The advancement of deep learning has led to the emergence of
Mixture-of-Experts (MoEs) models, known for their dynamic allocation of
computational resources based on input. Despite their promise, MoEs face
challenges, particularly in terms of memory requirements. To address this, our
work introduces SEER-MoE, a novel two-stage framework for reducing both the
memory footprint and compute requirements of pre-trained MoE models.
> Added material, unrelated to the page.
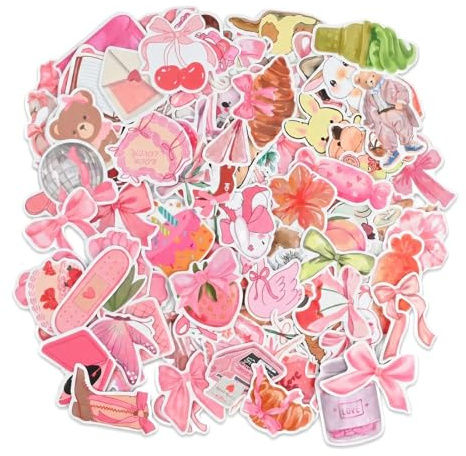 SOLVIO 100 Pcs Pink Coquette Stickers Pack, Cute Aesthetic Waterproof Vinyl Decals for Girls, Preppy Kawaii Stickers for Water Bottles, Laptop, Skateboard, Journal and Kindle Decoration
The first
stage involves pruning the total number of experts using a heavy-hitters
counting guidance, while the second stage employs a regularization-based
fine-tuning strategy to recover accuracy loss and reduce the number of
activated experts during inference. Our empirical studies demonstrate the
effectiveness of our method, resulting in a sparse MoEs model optimized for
inference efficiency with minimal accuracy trade-offs.

我们的研究引入了 SEER-MoE，这是一个新颖的两阶段框架，用于减少预训练 MoE 模型的内存占用和计算需求。第一阶段通过使用重要数据计数指导来修剪专家的总数，而第二阶段采用基于正则化的微调策略来恢复准确性损失并减少推断过程中激活的专家数量。我们的实证研究证明了我们的方法的有效性，使得经过优化的稀疏 MoEs 模型在推断效率方面具有最小的准确性妥协。